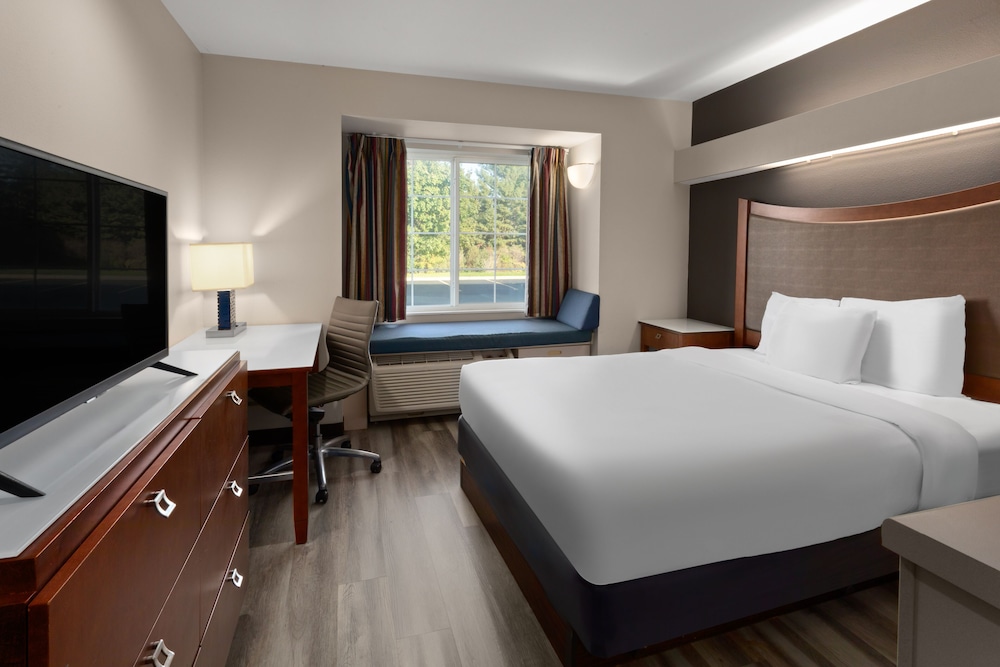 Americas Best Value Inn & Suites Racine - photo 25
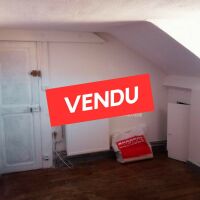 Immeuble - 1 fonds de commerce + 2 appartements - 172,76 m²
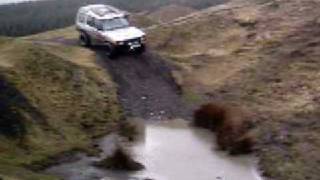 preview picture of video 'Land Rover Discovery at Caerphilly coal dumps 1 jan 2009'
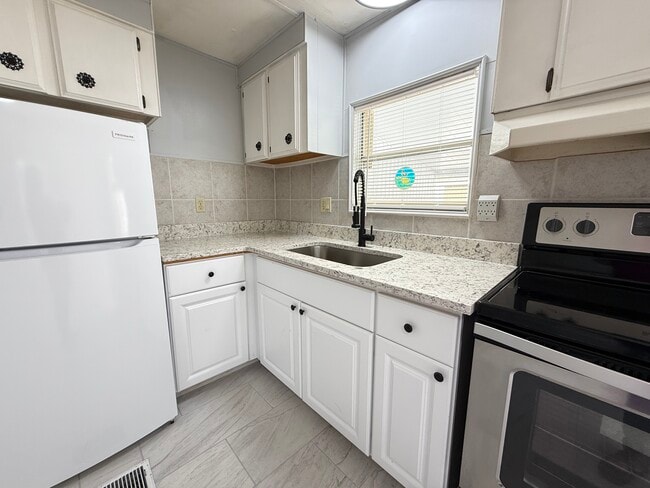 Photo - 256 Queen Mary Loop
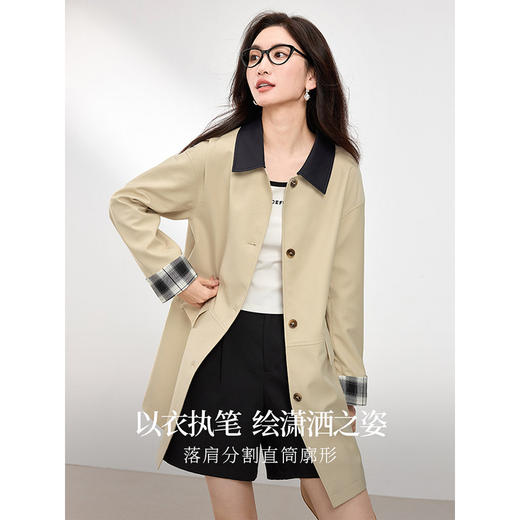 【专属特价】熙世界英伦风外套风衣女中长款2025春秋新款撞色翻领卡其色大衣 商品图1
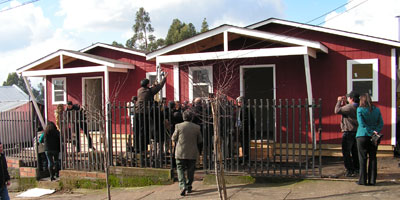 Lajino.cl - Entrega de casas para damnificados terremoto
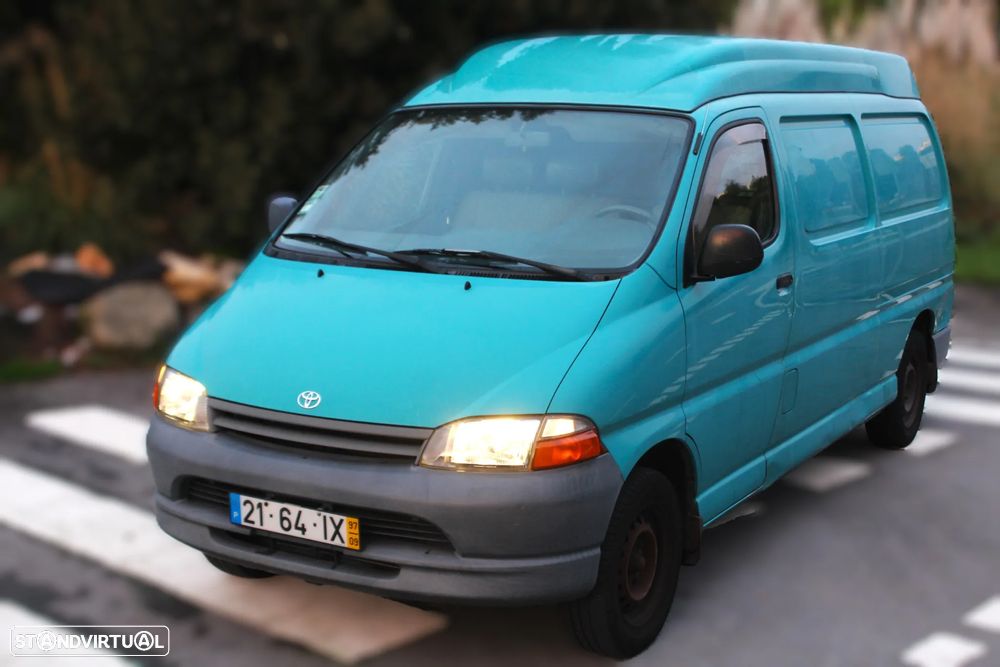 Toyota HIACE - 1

- **YOUR OBJECTIVE**
Reproduce the material word for word, minus the images.

- **SOLUTION TO THIS TASK**
 Americas Best Value Inn & Suites Racine - photo 25
 Immeuble - 1 fonds de commerce + 2 appartements - 172,76 m²
 preview picture of video 'Land Rover Discovery at Caerphilly coal dumps 1 jan 2009'
 Photo - 256 Queen Mary Loop
 【专属特价】熙世界英伦风外套风衣女中长款2025春秋新款撞色翻领卡其色大衣 商品图1
 Lajino.cl - Entrega de casas para damnificados terremoto
 Toyota HIACE - 1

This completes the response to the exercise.